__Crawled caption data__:

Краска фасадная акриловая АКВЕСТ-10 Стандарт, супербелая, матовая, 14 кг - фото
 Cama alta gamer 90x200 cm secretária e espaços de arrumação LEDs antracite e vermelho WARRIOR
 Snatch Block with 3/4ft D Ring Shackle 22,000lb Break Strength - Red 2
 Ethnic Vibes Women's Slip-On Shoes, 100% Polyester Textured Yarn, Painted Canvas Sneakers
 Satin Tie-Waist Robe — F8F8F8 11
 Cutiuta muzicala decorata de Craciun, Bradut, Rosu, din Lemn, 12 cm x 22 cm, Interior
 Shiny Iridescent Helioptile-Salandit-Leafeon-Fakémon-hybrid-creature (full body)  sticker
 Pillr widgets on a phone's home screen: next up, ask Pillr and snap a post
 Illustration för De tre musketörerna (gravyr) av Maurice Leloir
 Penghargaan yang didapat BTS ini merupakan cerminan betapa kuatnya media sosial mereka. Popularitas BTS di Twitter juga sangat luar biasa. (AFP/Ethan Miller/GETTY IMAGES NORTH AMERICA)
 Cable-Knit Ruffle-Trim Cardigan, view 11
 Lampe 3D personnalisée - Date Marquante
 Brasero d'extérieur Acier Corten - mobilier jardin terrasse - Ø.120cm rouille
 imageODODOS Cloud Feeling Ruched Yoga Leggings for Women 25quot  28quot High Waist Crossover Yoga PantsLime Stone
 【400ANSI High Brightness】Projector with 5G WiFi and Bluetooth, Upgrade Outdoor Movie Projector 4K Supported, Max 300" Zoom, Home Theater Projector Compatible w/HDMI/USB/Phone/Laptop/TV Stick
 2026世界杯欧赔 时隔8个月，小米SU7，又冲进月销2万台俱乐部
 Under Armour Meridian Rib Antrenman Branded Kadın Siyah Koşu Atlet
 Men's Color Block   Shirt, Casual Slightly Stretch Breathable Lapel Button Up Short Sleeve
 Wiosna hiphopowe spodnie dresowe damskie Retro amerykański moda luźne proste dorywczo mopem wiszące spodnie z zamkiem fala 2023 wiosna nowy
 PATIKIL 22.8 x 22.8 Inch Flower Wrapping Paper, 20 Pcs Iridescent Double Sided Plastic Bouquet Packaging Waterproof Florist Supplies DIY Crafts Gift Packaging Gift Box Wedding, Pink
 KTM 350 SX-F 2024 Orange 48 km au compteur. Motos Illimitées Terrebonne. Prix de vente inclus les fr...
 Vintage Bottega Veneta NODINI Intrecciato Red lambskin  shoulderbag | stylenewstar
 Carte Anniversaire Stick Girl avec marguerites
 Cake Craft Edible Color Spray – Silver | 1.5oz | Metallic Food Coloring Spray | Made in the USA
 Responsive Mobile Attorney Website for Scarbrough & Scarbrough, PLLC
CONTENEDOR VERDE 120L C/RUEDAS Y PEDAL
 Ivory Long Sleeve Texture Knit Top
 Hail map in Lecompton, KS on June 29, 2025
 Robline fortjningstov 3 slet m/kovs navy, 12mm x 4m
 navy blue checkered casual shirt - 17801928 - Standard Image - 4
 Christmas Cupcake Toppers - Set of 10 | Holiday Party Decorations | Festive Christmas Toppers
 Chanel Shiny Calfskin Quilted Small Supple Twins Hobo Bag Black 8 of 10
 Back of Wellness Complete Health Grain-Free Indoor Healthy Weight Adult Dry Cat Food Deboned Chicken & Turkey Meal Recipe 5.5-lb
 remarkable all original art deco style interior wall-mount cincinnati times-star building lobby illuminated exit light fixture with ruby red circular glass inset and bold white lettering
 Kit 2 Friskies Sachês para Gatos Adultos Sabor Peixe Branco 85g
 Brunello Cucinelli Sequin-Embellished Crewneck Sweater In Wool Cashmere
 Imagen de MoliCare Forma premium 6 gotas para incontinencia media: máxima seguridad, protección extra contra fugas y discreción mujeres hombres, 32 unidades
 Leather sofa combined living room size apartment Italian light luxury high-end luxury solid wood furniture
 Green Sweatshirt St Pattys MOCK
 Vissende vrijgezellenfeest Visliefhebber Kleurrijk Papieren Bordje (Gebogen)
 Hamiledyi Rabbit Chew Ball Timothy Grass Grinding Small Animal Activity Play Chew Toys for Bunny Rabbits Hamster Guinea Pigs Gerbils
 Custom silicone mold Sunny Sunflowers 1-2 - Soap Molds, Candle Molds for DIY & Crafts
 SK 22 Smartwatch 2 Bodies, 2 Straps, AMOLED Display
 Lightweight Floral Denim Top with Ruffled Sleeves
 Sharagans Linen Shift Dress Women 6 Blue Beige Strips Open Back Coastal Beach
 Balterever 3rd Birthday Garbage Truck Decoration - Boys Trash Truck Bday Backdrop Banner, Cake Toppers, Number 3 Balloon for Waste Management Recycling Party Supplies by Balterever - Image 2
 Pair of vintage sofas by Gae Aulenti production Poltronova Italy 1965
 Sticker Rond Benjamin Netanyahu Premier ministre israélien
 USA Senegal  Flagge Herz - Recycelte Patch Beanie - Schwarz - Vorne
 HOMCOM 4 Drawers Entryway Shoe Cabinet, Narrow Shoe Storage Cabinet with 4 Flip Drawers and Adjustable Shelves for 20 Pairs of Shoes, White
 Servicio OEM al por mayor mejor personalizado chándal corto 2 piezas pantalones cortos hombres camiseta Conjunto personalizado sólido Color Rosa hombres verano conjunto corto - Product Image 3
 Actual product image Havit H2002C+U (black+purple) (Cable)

__YOUR GOAL__: In the entries above, find the line holding "Lightweight Floral Denim" and the line holding "Sticker Rond Benjamin"; print both of them and every line between, exactly, and nothing else.

__YOUR SOLUTION__:
 Lightweight Floral Denim Top with Ruffled Sleeves
 Sharagans Linen Shift Dress Women 6 Blue Beige Strips Open Back Coastal Beach
 Balterever 3rd Birthday Garbage Truck Decoration - Boys Trash Truck Bday Backdrop Banner, Cake Toppers, Number 3 Balloon for Waste Management Recycling Party Supplies by Balterever - Image 2
 Pair of vintage sofas by Gae Aulenti production Poltronova Italy 1965
 Sticker Rond Benjamin Netanyahu Premier ministre israélien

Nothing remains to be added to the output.